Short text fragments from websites
══════

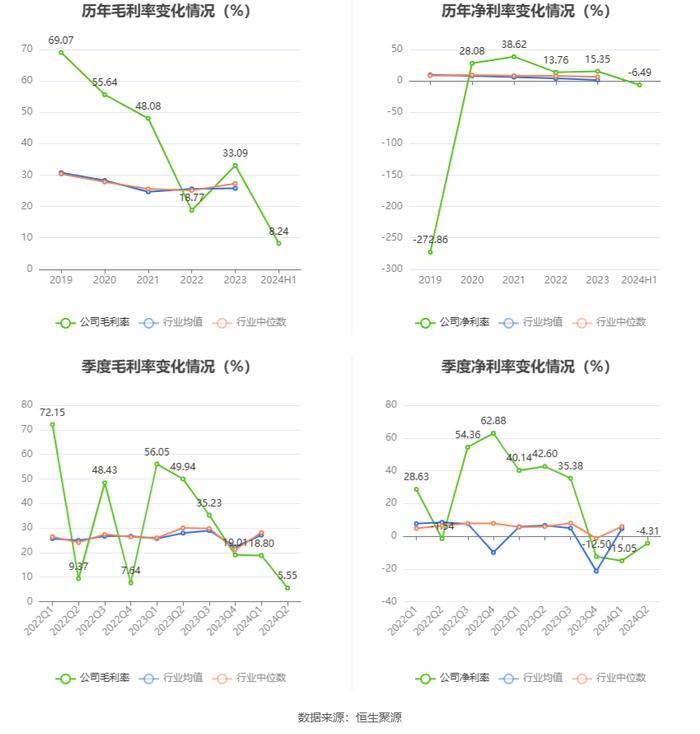 群兴玩具：2024年上半年亏损659.70万元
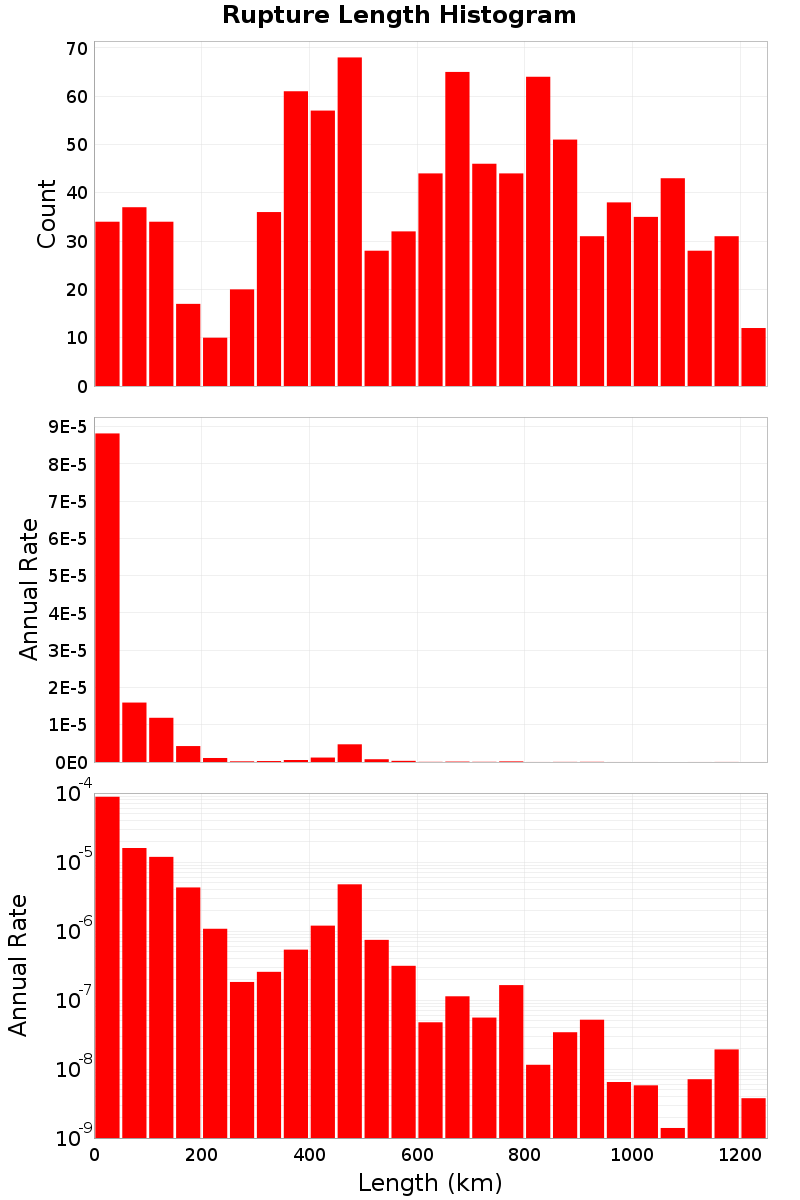 Length Hist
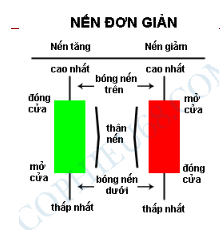 Mô hình nến nhật 4
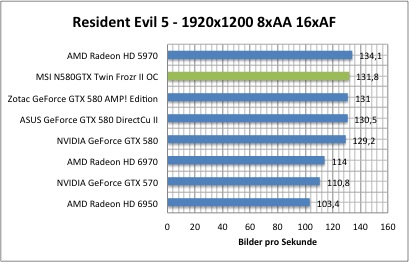 resi1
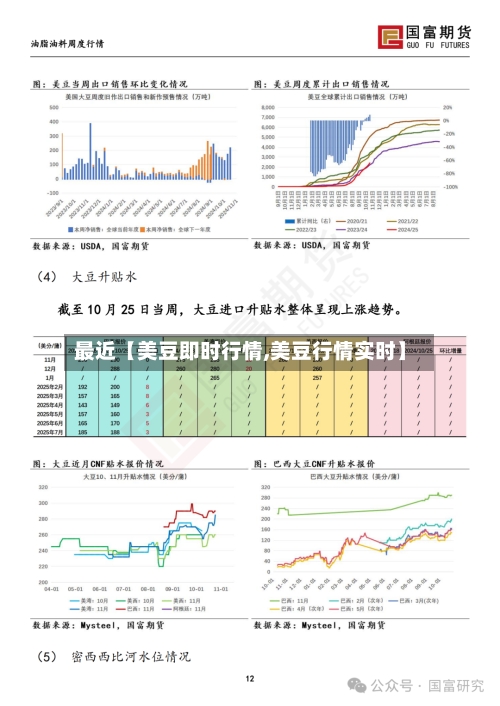 最近【美豆即时行情,美豆行情实时】
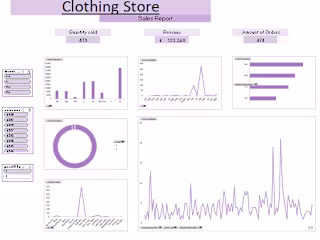Clothing Store Sales analysis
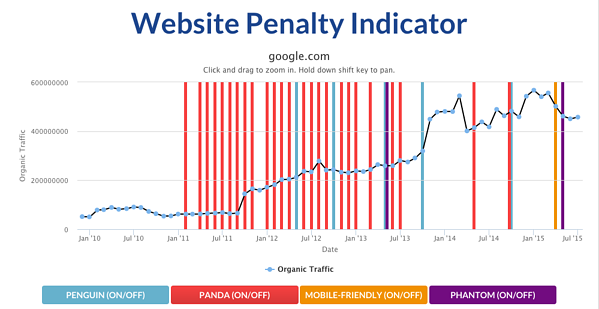 GOOGLE PENALTY RECOVERY SERVICES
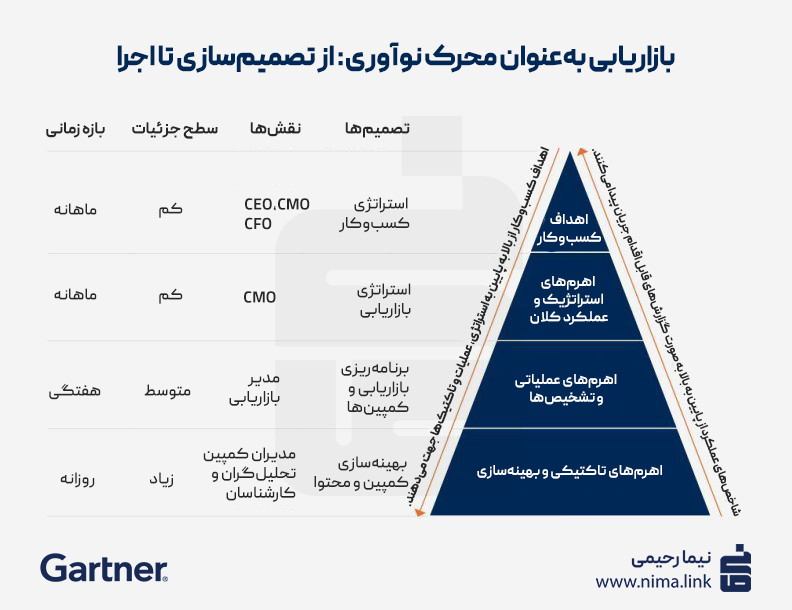 بازاریابی بهعنوان محرک نوآوری: از تصمیمسازی تا اجرا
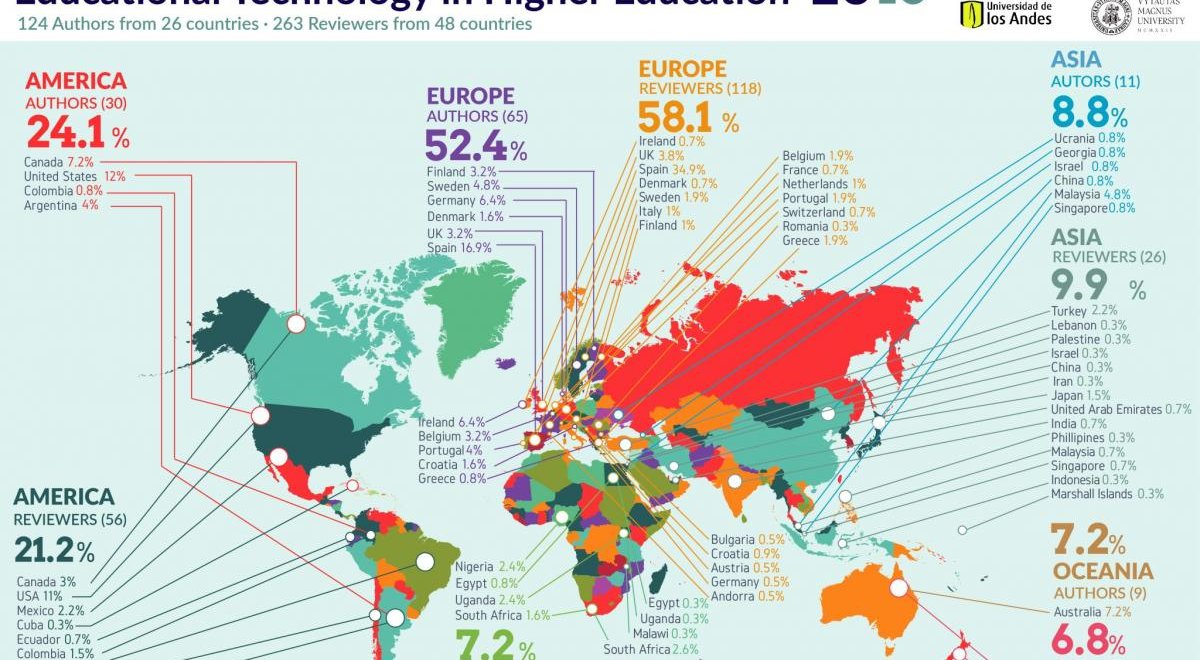 Mapa del mundo que muestra la red ETHE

══════

Work required:
Reproduce exactly, without any picture, the lines from the one bearing "最近【美豆即时行情,美豆行情实时】" to the last line of the records above.

The answer:
 最近【美豆即时行情,美豆行情实时】
Clothing Store Sales analysis
 GOOGLE PENALTY RECOVERY SERVICES
 بازاریابی بهعنوان محرک نوآوری: از تصمیمسازی تا اجرا
 Mapa del mundo que muestra la red ETHE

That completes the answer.